I vantaggi che, a giudizio dei creatori del programma, deriverebbero da tale esperimento sarebbero valutabili soprattutto in termini di efficienza – considerata la sua accessibilità 24 ore al giorno, arco temporale non ricopribile dai pastori ‘fisici’, – di fruibilità, attesa la possibilità di avere un colloquio in più di 100 lingue, e di personalizzazione del dato teologico, giacché – come riportato dal comunicato stampa della Peterskapelle – l’intelligenza artificiale potrebbe essere in grado di rispondere a domande individuali e affrontare preoccupazioni in modo specifico, personalizzando i riferimenti biblici e spirituali, spesso in modo più veloce e completo di un pastore umano[2].

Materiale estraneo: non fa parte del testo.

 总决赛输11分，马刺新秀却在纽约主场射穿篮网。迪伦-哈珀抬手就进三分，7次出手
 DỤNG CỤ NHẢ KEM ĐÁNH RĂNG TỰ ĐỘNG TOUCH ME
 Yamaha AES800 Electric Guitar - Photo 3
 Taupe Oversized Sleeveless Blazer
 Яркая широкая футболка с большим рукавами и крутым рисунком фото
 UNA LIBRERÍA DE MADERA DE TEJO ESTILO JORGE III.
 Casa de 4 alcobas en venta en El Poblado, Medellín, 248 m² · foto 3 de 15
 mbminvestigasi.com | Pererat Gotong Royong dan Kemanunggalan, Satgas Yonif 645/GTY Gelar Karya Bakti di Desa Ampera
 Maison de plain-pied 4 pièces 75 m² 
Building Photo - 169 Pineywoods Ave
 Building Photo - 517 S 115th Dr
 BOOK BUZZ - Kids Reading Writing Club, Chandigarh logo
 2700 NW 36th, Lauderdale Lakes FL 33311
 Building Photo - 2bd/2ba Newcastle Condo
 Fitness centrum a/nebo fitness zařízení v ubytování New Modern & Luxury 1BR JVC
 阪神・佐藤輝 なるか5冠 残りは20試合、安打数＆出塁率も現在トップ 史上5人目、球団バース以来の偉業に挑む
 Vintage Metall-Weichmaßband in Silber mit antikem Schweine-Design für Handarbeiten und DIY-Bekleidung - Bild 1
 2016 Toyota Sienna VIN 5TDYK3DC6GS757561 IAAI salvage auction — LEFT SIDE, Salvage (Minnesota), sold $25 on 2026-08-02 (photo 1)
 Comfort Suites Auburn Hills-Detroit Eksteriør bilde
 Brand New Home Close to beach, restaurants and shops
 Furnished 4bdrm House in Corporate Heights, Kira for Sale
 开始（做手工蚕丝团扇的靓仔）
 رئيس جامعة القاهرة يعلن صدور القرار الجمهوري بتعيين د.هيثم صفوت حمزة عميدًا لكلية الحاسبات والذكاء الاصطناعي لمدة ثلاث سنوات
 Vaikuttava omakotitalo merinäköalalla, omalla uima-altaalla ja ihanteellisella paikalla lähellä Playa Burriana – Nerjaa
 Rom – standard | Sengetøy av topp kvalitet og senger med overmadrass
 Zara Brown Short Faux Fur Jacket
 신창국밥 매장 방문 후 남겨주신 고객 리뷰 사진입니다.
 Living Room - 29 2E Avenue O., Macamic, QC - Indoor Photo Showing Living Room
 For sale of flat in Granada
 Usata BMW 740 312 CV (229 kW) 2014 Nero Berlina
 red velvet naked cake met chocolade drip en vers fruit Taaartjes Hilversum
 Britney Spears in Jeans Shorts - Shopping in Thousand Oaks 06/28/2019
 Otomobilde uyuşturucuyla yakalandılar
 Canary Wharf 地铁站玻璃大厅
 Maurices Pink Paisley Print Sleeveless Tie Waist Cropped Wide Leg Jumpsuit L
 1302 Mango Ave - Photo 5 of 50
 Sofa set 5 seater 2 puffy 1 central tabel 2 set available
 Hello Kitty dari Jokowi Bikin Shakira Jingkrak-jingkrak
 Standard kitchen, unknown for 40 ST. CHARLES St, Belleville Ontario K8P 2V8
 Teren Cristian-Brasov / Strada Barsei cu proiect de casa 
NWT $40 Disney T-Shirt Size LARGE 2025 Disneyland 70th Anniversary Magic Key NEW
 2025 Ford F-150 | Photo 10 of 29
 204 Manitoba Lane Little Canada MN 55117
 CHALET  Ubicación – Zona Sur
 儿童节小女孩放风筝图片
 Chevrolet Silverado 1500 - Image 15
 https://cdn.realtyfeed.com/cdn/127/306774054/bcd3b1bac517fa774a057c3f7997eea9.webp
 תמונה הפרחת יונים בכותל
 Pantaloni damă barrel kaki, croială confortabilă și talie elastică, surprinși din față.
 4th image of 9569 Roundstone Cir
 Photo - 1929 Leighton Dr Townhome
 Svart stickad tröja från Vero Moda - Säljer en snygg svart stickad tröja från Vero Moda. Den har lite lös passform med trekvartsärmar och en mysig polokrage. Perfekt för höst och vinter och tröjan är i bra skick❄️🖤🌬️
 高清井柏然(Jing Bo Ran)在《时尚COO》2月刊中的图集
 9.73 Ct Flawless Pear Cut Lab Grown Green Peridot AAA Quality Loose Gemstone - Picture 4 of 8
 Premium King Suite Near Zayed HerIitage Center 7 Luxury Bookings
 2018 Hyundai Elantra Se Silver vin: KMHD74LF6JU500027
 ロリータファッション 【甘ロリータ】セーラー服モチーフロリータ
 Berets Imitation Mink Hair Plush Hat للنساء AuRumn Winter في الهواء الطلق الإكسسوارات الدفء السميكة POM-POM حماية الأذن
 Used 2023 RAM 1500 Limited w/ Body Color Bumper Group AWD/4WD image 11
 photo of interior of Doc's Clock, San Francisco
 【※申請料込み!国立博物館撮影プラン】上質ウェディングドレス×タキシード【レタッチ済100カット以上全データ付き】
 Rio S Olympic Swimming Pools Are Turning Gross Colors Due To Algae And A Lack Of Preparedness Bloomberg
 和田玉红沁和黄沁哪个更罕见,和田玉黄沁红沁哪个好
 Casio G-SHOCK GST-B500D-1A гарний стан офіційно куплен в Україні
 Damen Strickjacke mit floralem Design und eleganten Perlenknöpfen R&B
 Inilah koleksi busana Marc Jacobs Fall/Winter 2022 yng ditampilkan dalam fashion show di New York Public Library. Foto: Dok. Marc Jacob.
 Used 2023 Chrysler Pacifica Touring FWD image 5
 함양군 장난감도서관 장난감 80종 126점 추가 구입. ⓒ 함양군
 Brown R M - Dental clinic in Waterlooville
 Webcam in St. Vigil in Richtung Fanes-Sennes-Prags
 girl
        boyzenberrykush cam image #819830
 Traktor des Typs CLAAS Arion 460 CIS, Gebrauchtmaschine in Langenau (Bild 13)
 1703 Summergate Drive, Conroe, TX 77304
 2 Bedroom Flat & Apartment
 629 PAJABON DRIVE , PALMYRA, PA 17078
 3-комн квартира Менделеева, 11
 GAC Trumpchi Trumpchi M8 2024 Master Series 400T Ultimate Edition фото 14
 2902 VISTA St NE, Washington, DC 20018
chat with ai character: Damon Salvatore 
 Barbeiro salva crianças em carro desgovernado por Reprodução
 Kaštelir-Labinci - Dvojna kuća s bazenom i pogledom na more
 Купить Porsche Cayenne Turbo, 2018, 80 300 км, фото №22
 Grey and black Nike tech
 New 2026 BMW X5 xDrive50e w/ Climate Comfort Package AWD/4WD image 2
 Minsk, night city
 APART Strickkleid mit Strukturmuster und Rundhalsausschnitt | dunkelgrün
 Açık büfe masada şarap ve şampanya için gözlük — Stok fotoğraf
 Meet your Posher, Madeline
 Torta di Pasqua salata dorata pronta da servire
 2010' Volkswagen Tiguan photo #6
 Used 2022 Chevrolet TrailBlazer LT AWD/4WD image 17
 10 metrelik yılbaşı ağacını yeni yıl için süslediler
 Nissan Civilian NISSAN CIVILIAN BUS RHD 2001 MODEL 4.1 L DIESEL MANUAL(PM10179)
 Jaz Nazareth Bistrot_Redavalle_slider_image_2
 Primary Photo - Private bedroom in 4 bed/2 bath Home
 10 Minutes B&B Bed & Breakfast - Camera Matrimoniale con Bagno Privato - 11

Si tratta di una questione che induce ad interrogarsi circa la rilevanza dell’intelligenza artificiale rispetto al fenomeno religioso, intersecando diverse problematiche, sia teologiche che giuridiche. Il primo angolo di visuale afferisce al valore di un’eventuale confessione rilasciata ad un programma artificiale, molto probabilmente priva dell’assoluzione. Invero, nonostante sia stato dichiarato dai responsabili del progetto che «non si tratta di una vera e propria confessione, ma di consigli spirituali»[3], la collocazione del bot all’interno di un confessionale potrebbe far sorgere non pochi dubbi nei “penitenti” e spingerne la gran parte a ritenere di aver ottenuto il sacramento della riconciliazione. Il Catechismo della Chiesa cattolica prevede, al n. 1461, che, «poiché Cristo ha affidato agli Apostoli il ministero della riconciliazione, i Vescovi, loro successori, e i presbiteri, collaboratori dei Vescovi, continuano ad esercitare questo ministero. Infatti sono i Vescovi e i presbiteri che hanno, in virtù del sacramento dell’Ordine, il potere di perdonare tutti i peccati nel nome del Padre e del Figlio e dello Spirito Santo»[4].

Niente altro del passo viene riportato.